J’ai rencontré Tiki comme on entre dans un film. Encore trop liée au réel, trop fatiguée, trop moi, trop rangée, trop sobre pour ses murs penchés, pas assez prête à faire semblant de.
J’ai pourtant traversé son couloir parsemé de câbles apparents, de cadres difformes et de mots sur les murs, enjambé des sacs empilés contenant bouteilles vides, clés et portefeuilles confiés avec confiance à la coolitude australienne, pour déboucher dans une cuisine dysfonctionnelle remplie de trois ou quatre groupes d’étudiants. Autant de rencontres intensifiées par leur nature éphémère, qui échangeaient des dialogues protocolaires soutenus par des regards déjà vitreux. Je les ai évités dans un premier temps, pour aller me servir un verre d’eau depuis un robinet boiteux d’où coulait un filet irrégulier. Le mobilier aussi semblait être un abonné de la gueule de bois. En levant mon verre à mes lèvres et mes yeux devant moi, je découvrais à travers la fenêtre ouverte une scène de teen movie californien.
Dans le jardin s’animaient une vingtaine d’invités plus ou moins déguisés, selon un thème opaque que j’avais choisi d’oublier.
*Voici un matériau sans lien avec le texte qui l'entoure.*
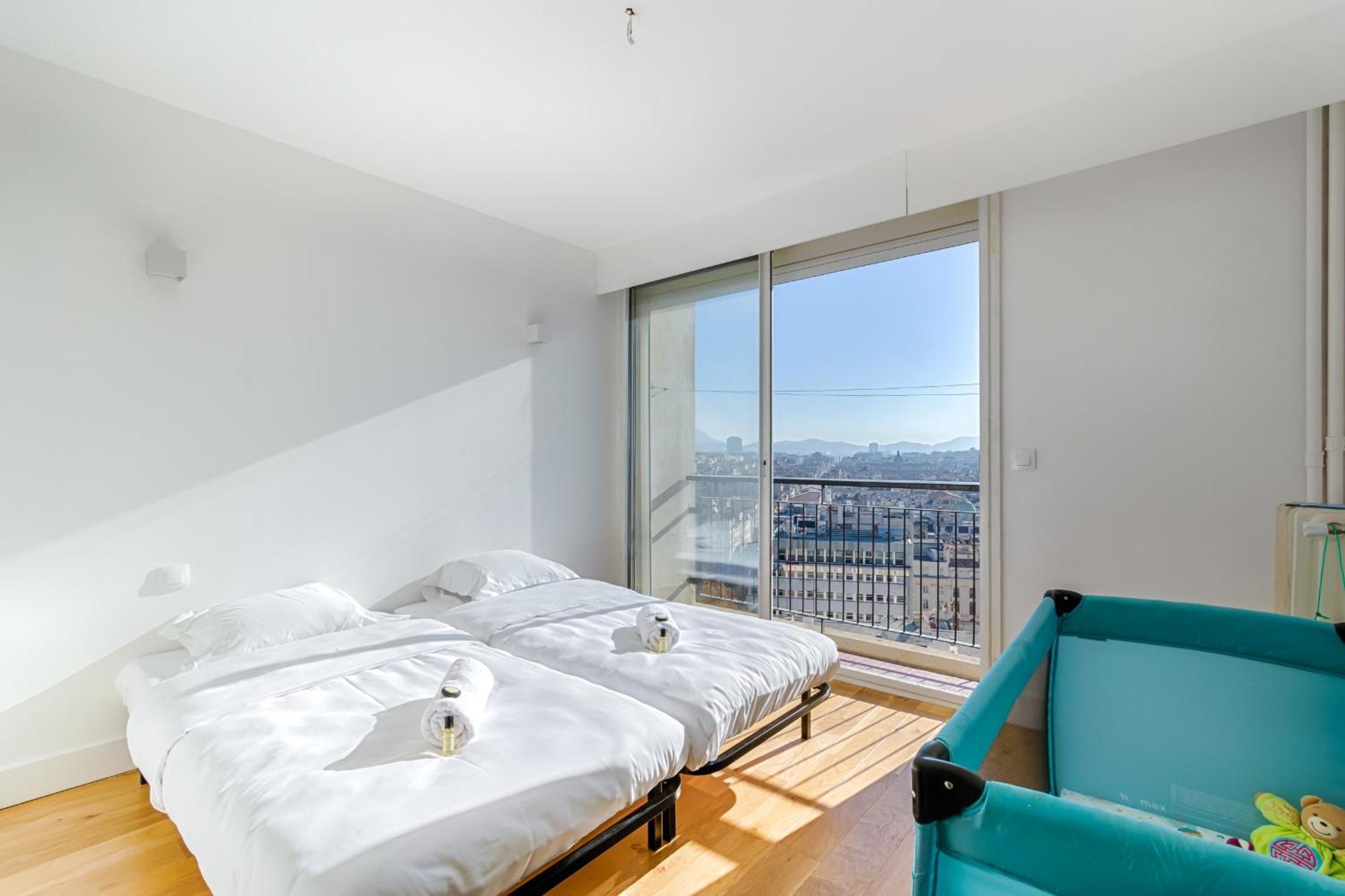Vue Panoramique 360 Sur Marseille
Les murs de brique du petit carré vert étaient ornés de reliques en tous genres : panneaux routiers, guirlandes lumineuses en forme de vague, planches de surf, casques de vélo, et autres objets dépossédés de leurs fonctions, accumulés au fil des années par les locataires. Ces derniers avaient pris graduellement possession des lieux avec une forme de déchéance tranquille, incarnée et solaire, si bien que le propriétaire, résigné, laissait défiler des vagues de colocataires tous fièrement membres du Surf Club de l’Université.
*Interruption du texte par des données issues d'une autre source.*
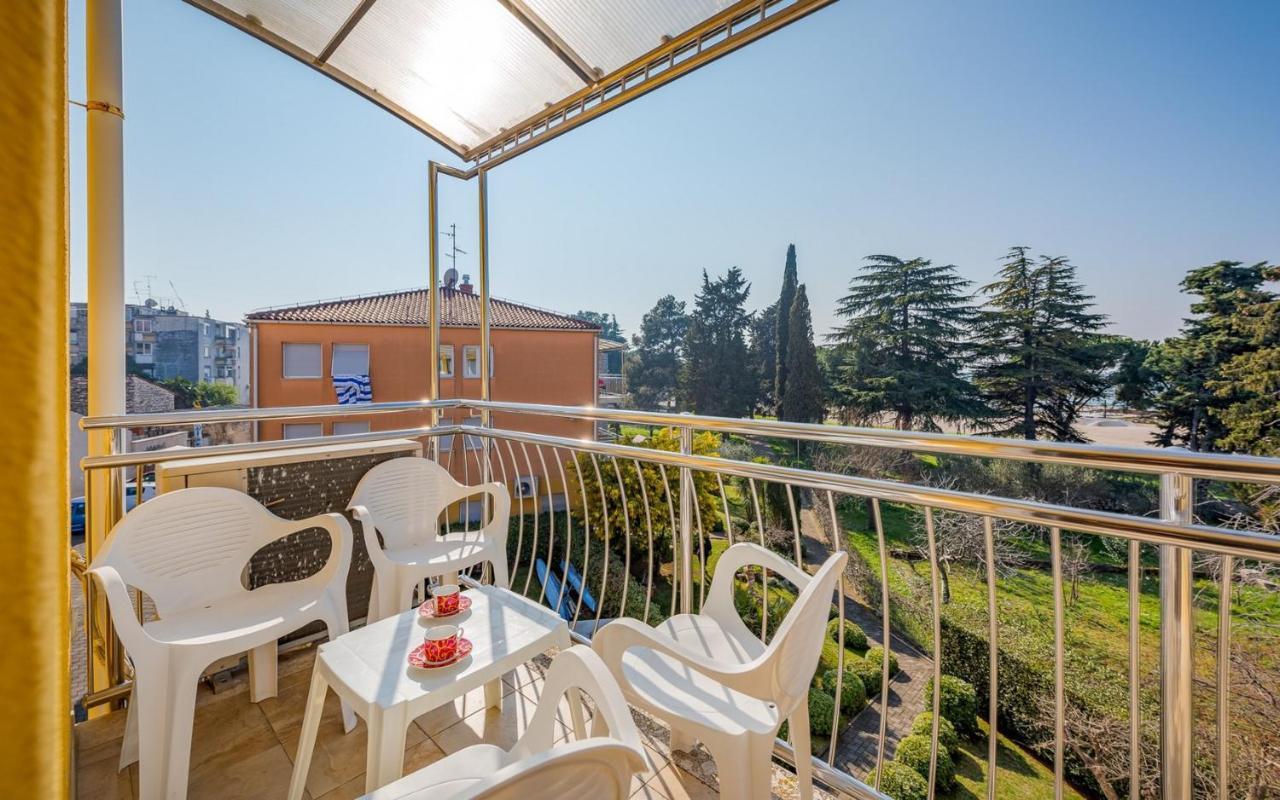 Valessia House With Apartment Умаг Екстериор снимка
La deuxième fois, j’étais préparée. « Jeudi, soirée film en plein air », nous avait écrit Carla. Sans savoir si les résidents de Tiki avaient percé leur plafond strié de zébrures héritées de fuites d’eau colmatées artisanalement pour y construire un rooftop, ou s’ils avaient cassé les barrières des jardins voisins pour agrandir le leur, j’y avais finalement découvert un inventif self-made cinéma de rue. S’y installaient avec un flegme non dissimulé une douzaine de membres de cette jeunesse autoproclamée alternative, comme seuls les quartiers nords de Melbourne savent en produire.